=== TASK STATEMENT ===
Scan the records for the word "Hotel". Copy each line that includes it.

=== DATA RECORDS ===

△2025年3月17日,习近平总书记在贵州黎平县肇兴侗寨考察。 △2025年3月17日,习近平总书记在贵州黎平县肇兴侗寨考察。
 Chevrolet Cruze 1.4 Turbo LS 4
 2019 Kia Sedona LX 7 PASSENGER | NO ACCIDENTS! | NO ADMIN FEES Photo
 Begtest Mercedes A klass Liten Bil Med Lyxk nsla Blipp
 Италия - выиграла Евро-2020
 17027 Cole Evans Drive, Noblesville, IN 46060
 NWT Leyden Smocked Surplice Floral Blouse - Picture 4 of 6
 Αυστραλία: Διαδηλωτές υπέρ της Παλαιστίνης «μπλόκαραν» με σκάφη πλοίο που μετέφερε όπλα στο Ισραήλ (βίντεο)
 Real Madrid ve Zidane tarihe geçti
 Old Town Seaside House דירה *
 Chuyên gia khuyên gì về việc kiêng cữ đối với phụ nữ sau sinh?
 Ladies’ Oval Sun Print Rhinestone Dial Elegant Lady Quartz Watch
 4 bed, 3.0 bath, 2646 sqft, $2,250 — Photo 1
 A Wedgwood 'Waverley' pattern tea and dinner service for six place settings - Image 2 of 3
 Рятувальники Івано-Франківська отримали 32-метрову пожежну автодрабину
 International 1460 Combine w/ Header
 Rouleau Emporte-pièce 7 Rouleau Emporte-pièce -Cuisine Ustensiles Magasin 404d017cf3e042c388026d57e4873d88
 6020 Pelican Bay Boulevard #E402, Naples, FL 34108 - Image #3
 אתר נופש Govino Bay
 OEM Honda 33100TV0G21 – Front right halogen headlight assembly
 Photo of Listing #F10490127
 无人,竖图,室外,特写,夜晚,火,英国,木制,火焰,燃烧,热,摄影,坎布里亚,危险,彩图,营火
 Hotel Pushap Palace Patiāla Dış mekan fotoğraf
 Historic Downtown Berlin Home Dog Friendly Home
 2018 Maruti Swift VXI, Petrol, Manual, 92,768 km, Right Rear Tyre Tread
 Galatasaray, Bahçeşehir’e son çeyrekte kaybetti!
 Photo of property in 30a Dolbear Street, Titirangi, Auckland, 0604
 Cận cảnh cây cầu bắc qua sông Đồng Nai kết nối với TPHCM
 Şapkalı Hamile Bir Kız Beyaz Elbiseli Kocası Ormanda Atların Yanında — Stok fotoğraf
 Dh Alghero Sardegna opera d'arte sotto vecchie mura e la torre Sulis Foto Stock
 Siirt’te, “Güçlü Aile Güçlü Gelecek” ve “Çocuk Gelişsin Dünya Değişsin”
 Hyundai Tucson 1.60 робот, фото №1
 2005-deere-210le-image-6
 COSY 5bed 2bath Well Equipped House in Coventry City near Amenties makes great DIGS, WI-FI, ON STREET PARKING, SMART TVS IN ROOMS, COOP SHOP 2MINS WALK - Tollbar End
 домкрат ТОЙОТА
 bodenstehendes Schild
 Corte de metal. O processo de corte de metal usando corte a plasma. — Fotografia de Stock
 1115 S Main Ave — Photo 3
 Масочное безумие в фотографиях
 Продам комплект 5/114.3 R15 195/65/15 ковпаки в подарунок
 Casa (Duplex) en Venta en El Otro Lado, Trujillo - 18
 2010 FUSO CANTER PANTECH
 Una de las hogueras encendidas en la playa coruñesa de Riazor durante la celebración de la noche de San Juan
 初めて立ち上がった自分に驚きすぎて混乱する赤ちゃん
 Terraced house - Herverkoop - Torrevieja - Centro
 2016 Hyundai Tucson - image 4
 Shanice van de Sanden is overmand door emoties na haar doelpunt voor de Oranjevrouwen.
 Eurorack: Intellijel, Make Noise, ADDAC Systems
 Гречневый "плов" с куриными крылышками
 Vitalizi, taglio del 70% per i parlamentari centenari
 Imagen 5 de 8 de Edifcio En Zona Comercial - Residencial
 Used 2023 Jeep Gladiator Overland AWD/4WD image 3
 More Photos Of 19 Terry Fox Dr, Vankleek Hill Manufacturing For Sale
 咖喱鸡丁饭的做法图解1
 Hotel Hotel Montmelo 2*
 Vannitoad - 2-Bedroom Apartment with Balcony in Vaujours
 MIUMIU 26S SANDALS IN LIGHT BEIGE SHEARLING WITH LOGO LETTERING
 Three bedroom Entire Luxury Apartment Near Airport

=== EXERCISE ANSWER ===
 Hotel Pushap Palace Patiāla Dış mekan fotoğraf
 Hotel Hotel Montmelo 2*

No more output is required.